[RECORDS]
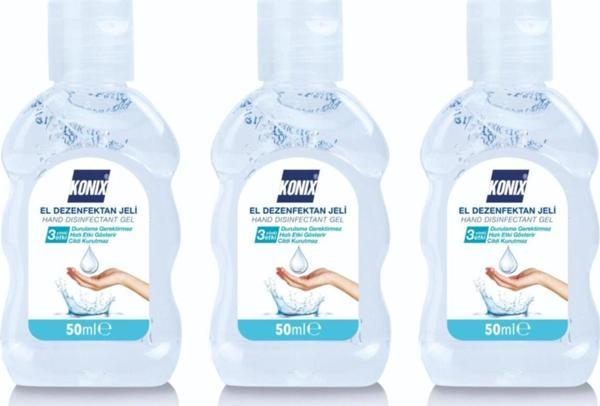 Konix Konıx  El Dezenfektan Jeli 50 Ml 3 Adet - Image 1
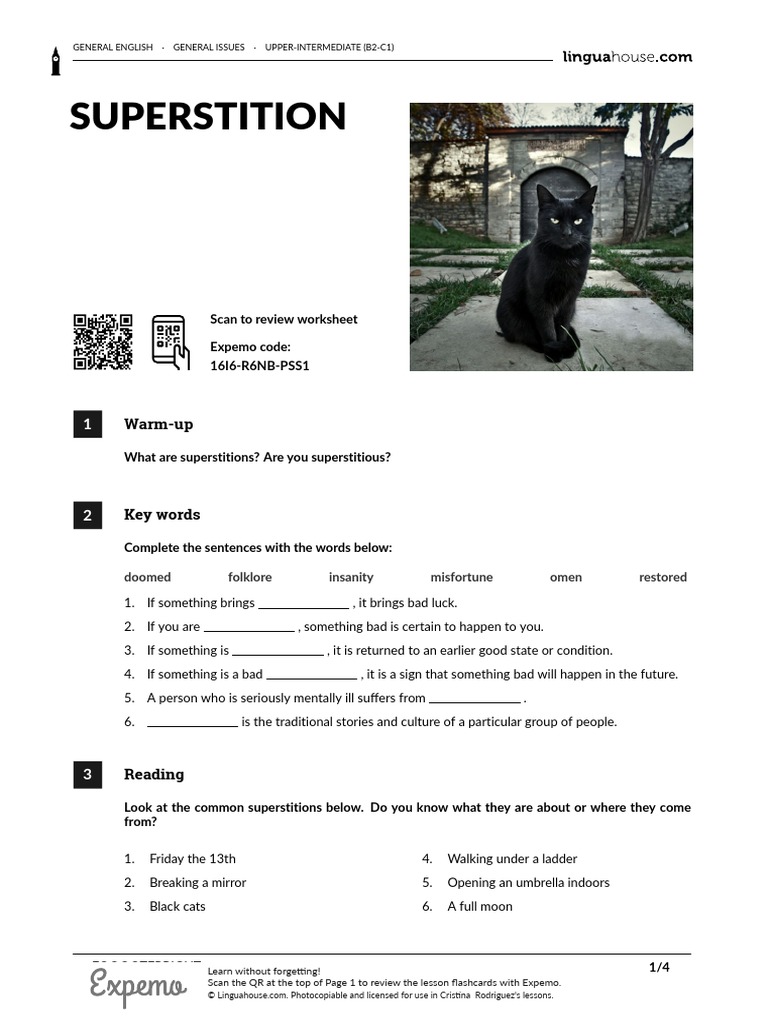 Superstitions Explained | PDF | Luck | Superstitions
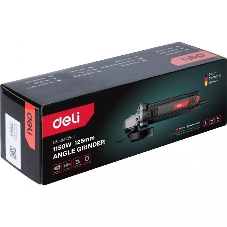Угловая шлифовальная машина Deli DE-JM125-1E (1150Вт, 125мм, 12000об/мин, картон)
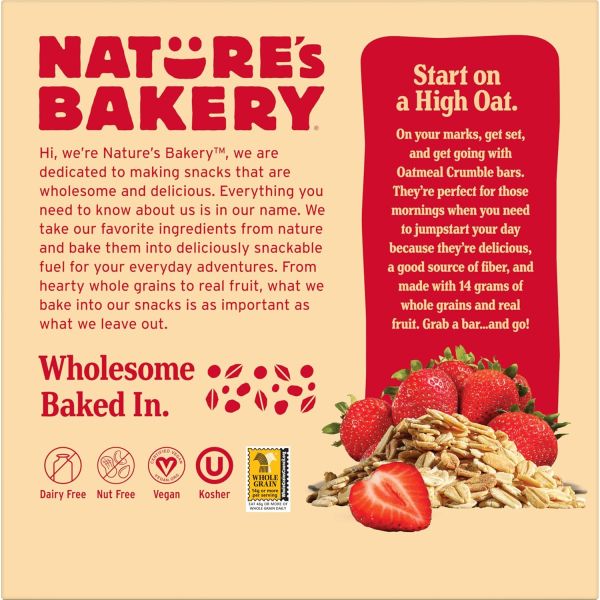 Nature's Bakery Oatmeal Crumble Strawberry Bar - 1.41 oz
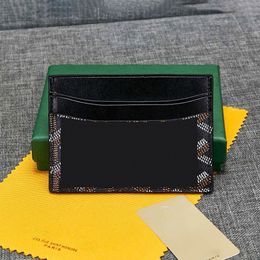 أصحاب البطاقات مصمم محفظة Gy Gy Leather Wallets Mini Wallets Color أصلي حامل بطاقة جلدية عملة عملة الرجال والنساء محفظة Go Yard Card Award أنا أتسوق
[/RECORDS]
- WHAT NEEDS TO BE DONE
Transcribe the records above exactly, leaving every picture out of the copy.

- TASK OUTPUT
 Konix Konıx  El Dezenfektan Jeli 50 Ml 3 Adet - Image 1
 Superstitions Explained | PDF | Luck | Superstitions
Угловая шлифовальная машина Deli DE-JM125-1E (1150Вт, 125мм, 12000об/мин, картон)
 Nature's Bakery Oatmeal Crumble Strawberry Bar - 1.41 oz
 أصحاب البطاقات مصمم محفظة Gy Gy Leather Wallets Mini Wallets Color أصلي حامل بطاقة جلدية عملة عملة الرجال والنساء محفظة Go Yard Card Award أنا أتسوق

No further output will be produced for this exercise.